Records for the task →
++++
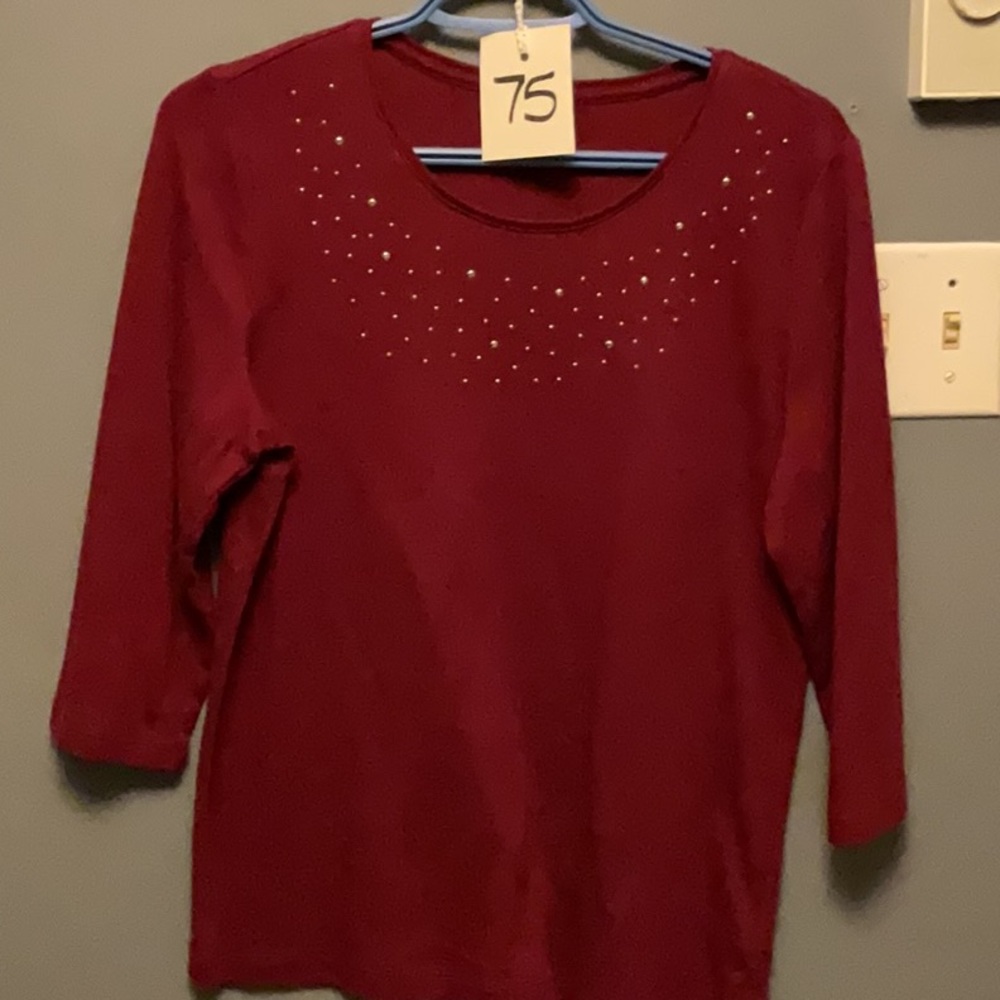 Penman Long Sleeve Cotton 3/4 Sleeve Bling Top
++++
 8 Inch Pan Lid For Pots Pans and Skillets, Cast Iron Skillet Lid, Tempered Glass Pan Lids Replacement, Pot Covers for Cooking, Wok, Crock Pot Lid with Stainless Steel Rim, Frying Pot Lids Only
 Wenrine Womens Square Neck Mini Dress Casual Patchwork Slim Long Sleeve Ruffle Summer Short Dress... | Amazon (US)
++++
Print, without alteration, only the lines above between the one holding "8 Inch Pan Lid" and the one holding "Wenrine Womens Square", inclusive.

 8 Inch Pan Lid For Pots Pans and Skillets, Cast Iron Skillet Lid, Tempered Glass Pan Lids Replacement, Pot Covers for Cooking, Wok, Crock Pot Lid with Stainless Steel Rim, Frying Pot Lids Only
 Wenrine Womens Square Neck Mini Dress Casual Patchwork Slim Long Sleeve Ruffle Summer Short Dress... | Amazon (US)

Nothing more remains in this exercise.